> _GOAL OF THE EXERCISE_: If a line of the records contains the word "take", list it.

+++ GIVEN DATA +++

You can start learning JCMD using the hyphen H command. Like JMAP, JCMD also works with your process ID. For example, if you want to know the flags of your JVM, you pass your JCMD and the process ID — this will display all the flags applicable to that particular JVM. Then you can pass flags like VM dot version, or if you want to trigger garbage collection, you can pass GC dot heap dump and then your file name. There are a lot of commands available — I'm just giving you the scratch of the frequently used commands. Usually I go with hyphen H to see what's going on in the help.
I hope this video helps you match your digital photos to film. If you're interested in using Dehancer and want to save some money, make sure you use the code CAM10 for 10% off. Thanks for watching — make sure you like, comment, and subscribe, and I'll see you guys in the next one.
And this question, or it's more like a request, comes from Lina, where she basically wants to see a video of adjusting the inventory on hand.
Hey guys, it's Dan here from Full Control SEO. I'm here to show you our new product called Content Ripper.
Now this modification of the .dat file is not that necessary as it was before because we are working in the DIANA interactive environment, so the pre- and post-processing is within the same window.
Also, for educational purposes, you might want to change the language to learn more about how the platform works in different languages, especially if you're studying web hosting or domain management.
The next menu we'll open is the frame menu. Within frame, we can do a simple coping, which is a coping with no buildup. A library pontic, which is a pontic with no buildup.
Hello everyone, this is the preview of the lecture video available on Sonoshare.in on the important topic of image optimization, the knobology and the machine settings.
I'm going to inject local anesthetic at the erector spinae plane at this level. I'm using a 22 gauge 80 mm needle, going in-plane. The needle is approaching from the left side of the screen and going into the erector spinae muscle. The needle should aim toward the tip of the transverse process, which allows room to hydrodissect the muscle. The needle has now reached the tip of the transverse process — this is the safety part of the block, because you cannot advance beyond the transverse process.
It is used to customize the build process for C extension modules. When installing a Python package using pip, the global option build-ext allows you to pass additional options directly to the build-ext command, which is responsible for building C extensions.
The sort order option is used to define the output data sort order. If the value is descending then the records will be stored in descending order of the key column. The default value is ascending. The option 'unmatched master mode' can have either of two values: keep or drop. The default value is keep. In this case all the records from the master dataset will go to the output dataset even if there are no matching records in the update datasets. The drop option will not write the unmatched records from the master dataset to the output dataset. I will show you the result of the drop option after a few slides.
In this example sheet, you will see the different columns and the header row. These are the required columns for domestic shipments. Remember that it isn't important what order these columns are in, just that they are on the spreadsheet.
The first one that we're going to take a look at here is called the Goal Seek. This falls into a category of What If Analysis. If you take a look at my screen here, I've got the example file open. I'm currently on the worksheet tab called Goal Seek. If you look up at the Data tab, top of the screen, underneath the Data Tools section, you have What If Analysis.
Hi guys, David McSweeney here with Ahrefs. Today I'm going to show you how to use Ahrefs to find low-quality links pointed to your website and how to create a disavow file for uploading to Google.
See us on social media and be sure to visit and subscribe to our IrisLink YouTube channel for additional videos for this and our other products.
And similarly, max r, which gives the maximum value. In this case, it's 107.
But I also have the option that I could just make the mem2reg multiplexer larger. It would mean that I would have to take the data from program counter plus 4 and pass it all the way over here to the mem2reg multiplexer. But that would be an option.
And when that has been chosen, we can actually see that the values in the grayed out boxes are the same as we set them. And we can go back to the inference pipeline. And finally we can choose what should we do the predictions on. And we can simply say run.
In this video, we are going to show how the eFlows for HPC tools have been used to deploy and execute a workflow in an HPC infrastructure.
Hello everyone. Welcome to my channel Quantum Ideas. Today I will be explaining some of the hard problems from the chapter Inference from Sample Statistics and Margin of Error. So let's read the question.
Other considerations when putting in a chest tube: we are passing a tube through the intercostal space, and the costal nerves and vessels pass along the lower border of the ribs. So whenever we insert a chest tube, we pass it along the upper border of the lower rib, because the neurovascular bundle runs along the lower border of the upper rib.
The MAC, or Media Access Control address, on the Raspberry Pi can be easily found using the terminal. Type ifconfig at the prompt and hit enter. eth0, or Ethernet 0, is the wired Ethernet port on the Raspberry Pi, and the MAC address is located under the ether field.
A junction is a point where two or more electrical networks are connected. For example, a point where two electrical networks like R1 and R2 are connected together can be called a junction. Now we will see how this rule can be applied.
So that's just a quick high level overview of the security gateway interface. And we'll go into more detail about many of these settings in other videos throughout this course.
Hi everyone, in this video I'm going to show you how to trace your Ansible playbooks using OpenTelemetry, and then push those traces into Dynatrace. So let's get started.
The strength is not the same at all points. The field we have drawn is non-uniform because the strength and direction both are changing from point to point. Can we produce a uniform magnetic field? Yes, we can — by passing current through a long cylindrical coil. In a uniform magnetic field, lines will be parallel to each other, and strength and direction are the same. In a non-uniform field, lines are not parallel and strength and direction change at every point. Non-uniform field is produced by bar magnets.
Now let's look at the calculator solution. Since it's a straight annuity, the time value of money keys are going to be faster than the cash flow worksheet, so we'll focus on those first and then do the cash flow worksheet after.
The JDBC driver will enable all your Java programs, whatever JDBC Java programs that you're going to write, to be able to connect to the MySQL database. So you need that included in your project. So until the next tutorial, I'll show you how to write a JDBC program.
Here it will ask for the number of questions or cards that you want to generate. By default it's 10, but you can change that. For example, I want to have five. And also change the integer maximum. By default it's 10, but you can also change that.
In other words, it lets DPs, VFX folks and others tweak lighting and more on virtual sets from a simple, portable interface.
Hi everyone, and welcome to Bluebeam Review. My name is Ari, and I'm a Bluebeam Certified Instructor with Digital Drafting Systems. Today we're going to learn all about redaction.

+++

> _EXERCISE RESULT_:
The first one that we're going to take a look at here is called the Goal Seek. This falls into a category of What If Analysis. If you take a look at my screen here, I've got the example file open. I'm currently on the worksheet tab called Goal Seek. If you look up at the Data tab, top of the screen, underneath the Data Tools section, you have What If Analysis.
But I also have the option that I could just make the mem2reg multiplexer larger. It would mean that I would have to take the data from program counter plus 4 and pass it all the way over here to the mem2reg multiplexer. But that would be an option.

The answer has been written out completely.